Founded in 1999 by then Oracle executive Marc Benioff, Salesforce.com has become the SaaS CRM software market leader. Salesforce.com is largely known for its flamboyant and media-induced leader who seems to be regarded either as a visionary or a blowhard depending upon whom you are speaking with. The company's use of guerilla marketing campaigns, near limitless marketing spend and frequent gifts for industry media and analysts have earned the company an interesting and mixed reputation - from being referred to as the next Google to being referred to as the SaaS industry bad boy.
After planting roots as a customer relationship management system, the larger than life company is moving aggressively in a new direction away from commercial business applications and toward platform applications - and as is traditional with Salesforce.com, the company has invented its own marketing term of "platform as a service" (PAAS) in order to create, define and own the business sector it seeks to serve. Whether Salesforce.com can use PAAS to raise itself to successfully take on companies such as Microsoft remains to be seen.
While the Salesforce.com CRM on-demand application may not be the strongest in the software as a service industry, the company downplays the limited value of commercial off the shelf business systems and instead attempts to expand the value proposition with a third party directory of integrated products called AppExchange and a proprietary programming environment called Force.com. The breadth of AppExchange has been impressive, however, the integration between AppExchange products and Salesforce.com seems limited, giving the appearance that the third party solutions are using AppExchange as just an additional online sales outlet. Force.com is a respectable development environment, however, getting the development community to part with open and industry standard development tools such as Java or .NET and adopt a proprietary development environment is of questionable motive and no easy task.
Salesforce.com segments its product suite among a few different editions. The Salesforce.com Team edition is a workgroup edition priced at USD $995.00 per year for five users. The Professional Edition is a scaled down version and is priced at USD $65.00 per user per month. Enterprise Edition seems to be the most popular and is priced at USD $125.00 per user per month. Finally, the Unlimited Edition is priced at USD $195.00 per user per month. Either of these last two editions are normally required if an AppExchange product is necessary.
While Salesforce.com's growth has exceeded all expectations, there have been some serious bumps in the road along the way. A series of frequent system interruptions and downtime have plagued the software's system uptime assurance, however, the company continues to make strides in more redundant data centers and improving upon historical performance. Salesforce.com was also hacked resulting in the breach of thousands of customers' personal information. Again, the company appears to have taken steps to curtail this type of event from repeating.

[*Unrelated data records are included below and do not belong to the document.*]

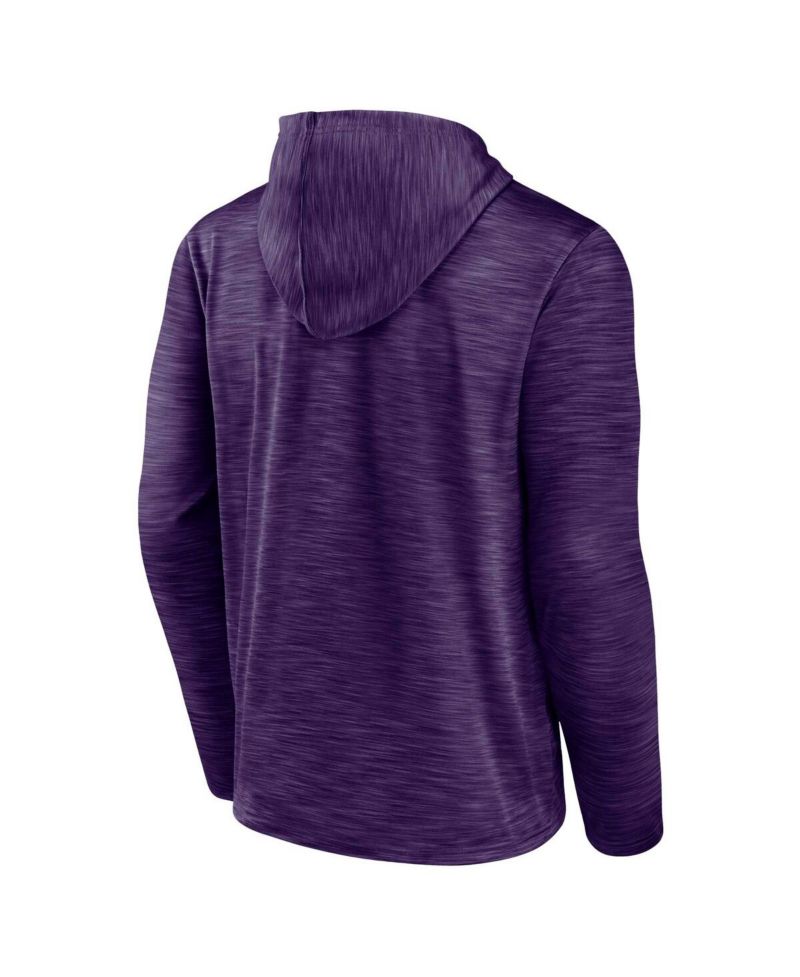 Men's Heather Purple Phoenix Suns Fast Break Pullover Hoodie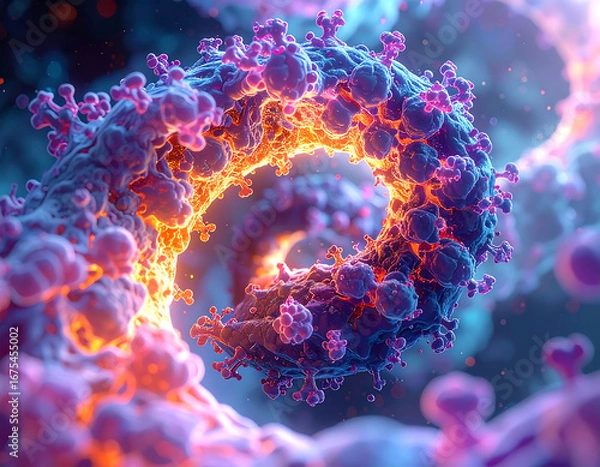 Obraz Abstract spiral structure illustration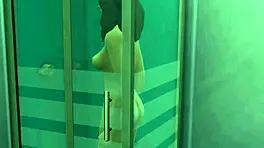 Step brother and sister share bed and have first time sex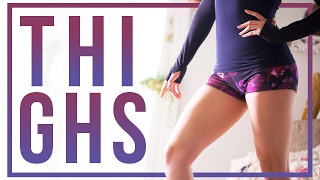 Best Thigh Exercises for Toned Legs! (At Home No Equipment Workout Routine)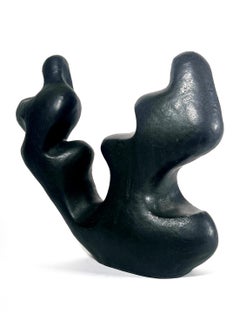 No.000811 Handcrafted Organic Modern Black Ceramic Vessel- Lost Quarry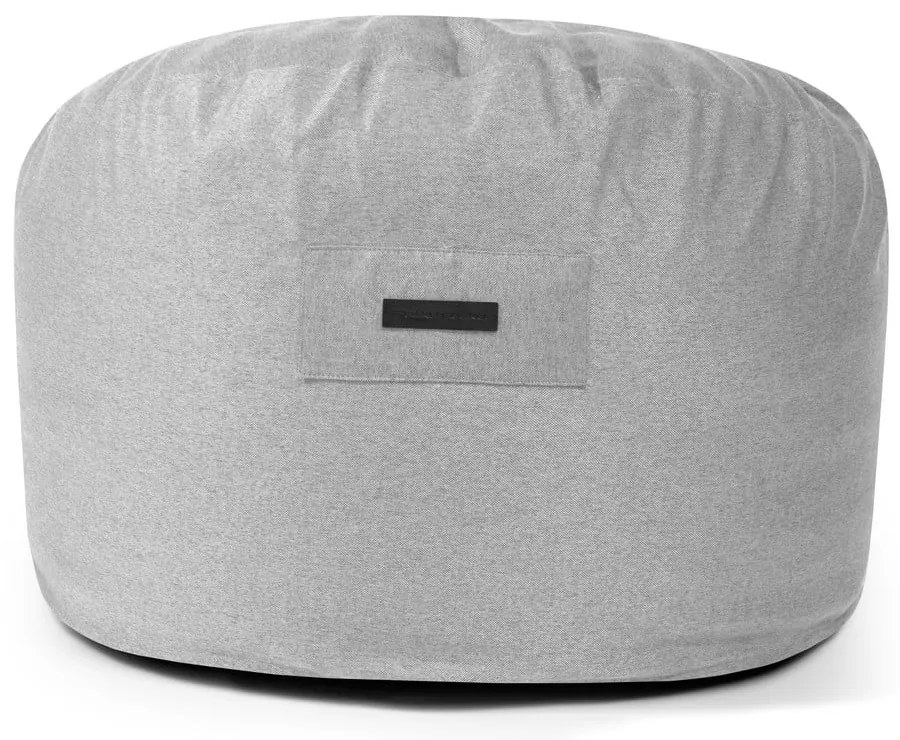 Világosszürke gyerek babzsákfotel Om 85 – SLOWDOWN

While Salesforce.com faces many hosted software competitors, the company's main competitors include NetSuite at the low end, Aplicor in the middle-market and SAP's Business ByDesign in the enterprise market. Salesforce.com's strengths include its sustained marketing push, strong brand recognition, reasonable ease of use, good online documentation and suite of programming tools to customize and integrate the CRM product.
Salesforce.com disadvantages include high recurring subscription costs, high total cost of ownership (TCO), mixed customer support reviews and a lack of feature sets and functionality that requires many users to pay extra for AppExchange products or pay for customization tools (and programmer fees) to accomplish what several other on-demand CRM systems deliver with their core products.